HER2-positive tumors have a worse prognosis than HER2-negative cancers. Although the standard treatment for HER2-positive metastatic breast cancer is chemotherapy and trastuzumab, the combination of aromatase inhibitors with anti-HER2 therapies has become an available strategy in patients with HER2-positive and hormone receptor-positive tumors. However, although this new treatment option is more effective than hormone therapy alone, it has not been compared with the standard chemotherapy and trastuzumab-based regimens.
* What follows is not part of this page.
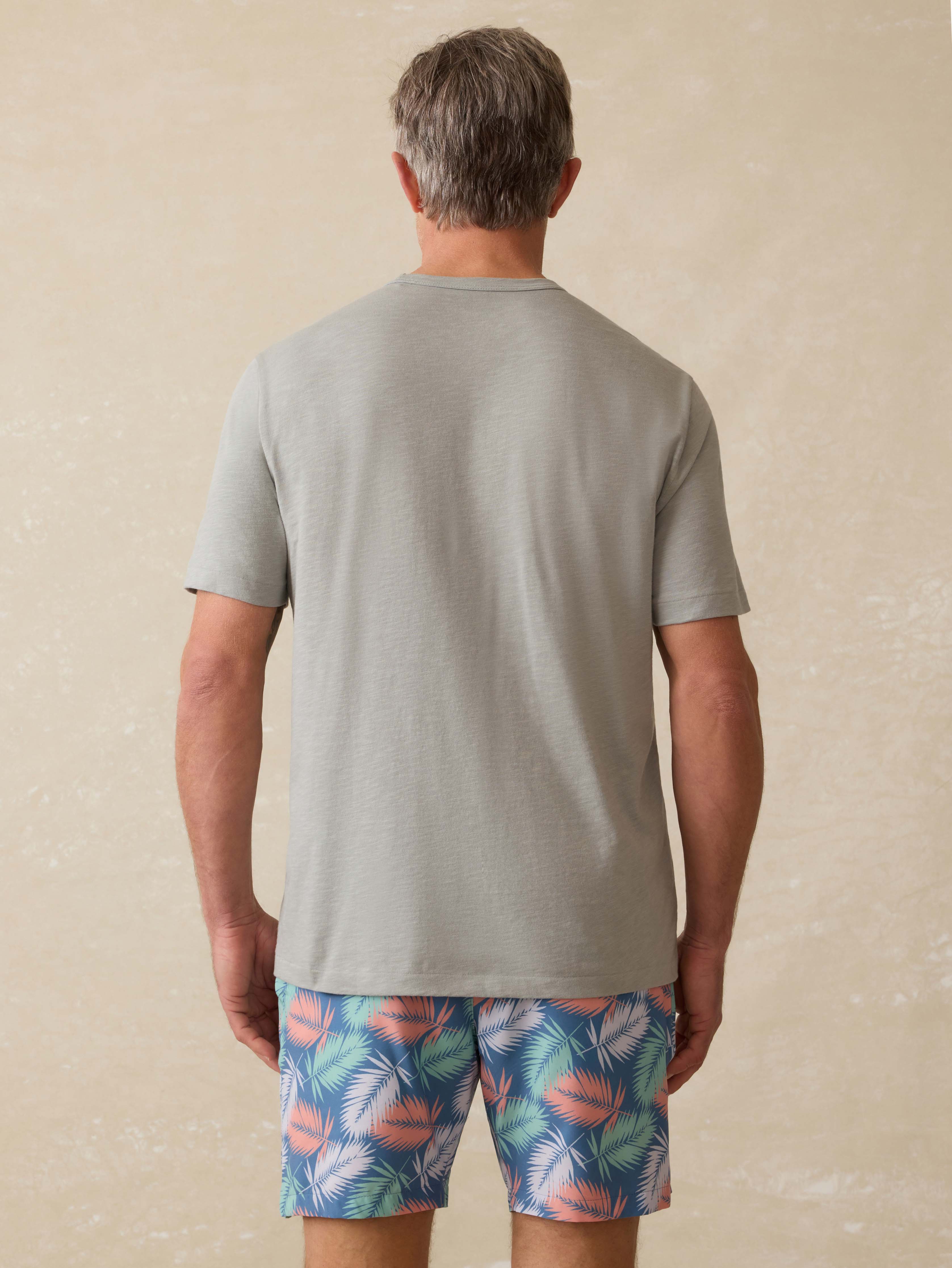 Sunwashed Regenerative Tee - Lakeshore Grey | Faherty Brand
In fact, the activity observed in randomized clinical trials with chemotherapy and anti-HER2 therapies seems to be higher than that observed with aromatase inhibitors and trastuzumab-based or lapatinib-based therapies. In this article, we highlight the importance of considering chemotherapy and anti-HER2 therapy as the standard of care in HER2-positive and hormone receptor-positive tumors.

摘要

HER2 阳性肿瘤的预后比 HER2 阴性癌症差。虽然曲妥珠单抗联合化疗是治疗 HER2 阳性转移性乳腺癌的标准方案,但在 HER2 阳性且激素受体阳性的肿瘤患者中,芳香化酶抑制剂联合抗 HER2 治疗已成为一种可行的策略。然而,尽管这种新的治疗选择比单独激素治疗更有效,但它尚未与标准的化疗和曲妥珠单抗为基础的方案进行比较。事实上,在化疗和抗 HER2 治疗的随机临床试验中观察到的活性似乎高于芳香化酶抑制剂联合曲妥珠单抗或拉帕替尼为基础的治疗。在本文中,我们强调了将化疗和抗 HER2 治疗作为 HER2 阳性且激素受体阳性肿瘤的标准治疗的重要性。